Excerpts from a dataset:
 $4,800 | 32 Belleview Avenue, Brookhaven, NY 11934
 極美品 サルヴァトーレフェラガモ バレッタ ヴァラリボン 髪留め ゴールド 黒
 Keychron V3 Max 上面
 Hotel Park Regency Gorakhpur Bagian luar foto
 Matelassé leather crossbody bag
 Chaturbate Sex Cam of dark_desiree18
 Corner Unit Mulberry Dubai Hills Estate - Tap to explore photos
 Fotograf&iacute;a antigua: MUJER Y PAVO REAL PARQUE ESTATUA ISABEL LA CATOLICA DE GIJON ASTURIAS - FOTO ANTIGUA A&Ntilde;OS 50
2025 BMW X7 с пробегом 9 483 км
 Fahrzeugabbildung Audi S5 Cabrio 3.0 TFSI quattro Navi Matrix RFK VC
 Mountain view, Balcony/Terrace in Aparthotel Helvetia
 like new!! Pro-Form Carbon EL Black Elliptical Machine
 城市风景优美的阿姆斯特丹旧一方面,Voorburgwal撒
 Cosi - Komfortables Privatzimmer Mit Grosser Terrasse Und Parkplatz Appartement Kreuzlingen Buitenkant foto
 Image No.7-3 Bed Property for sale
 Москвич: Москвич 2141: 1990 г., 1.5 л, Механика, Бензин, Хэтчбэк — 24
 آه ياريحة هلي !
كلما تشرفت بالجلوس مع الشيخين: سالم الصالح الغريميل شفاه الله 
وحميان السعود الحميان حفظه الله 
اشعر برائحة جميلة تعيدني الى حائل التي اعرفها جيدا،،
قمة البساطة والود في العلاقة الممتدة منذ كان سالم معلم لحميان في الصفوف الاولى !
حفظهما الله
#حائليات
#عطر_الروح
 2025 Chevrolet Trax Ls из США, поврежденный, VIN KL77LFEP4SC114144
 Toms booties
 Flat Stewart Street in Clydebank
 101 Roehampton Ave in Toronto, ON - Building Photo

▶ **PROMPT**:
Examine the data above and state how many of its lines contain the word "سالم", with no further remarks.

▶ **SOLVED EXERCISE**:
2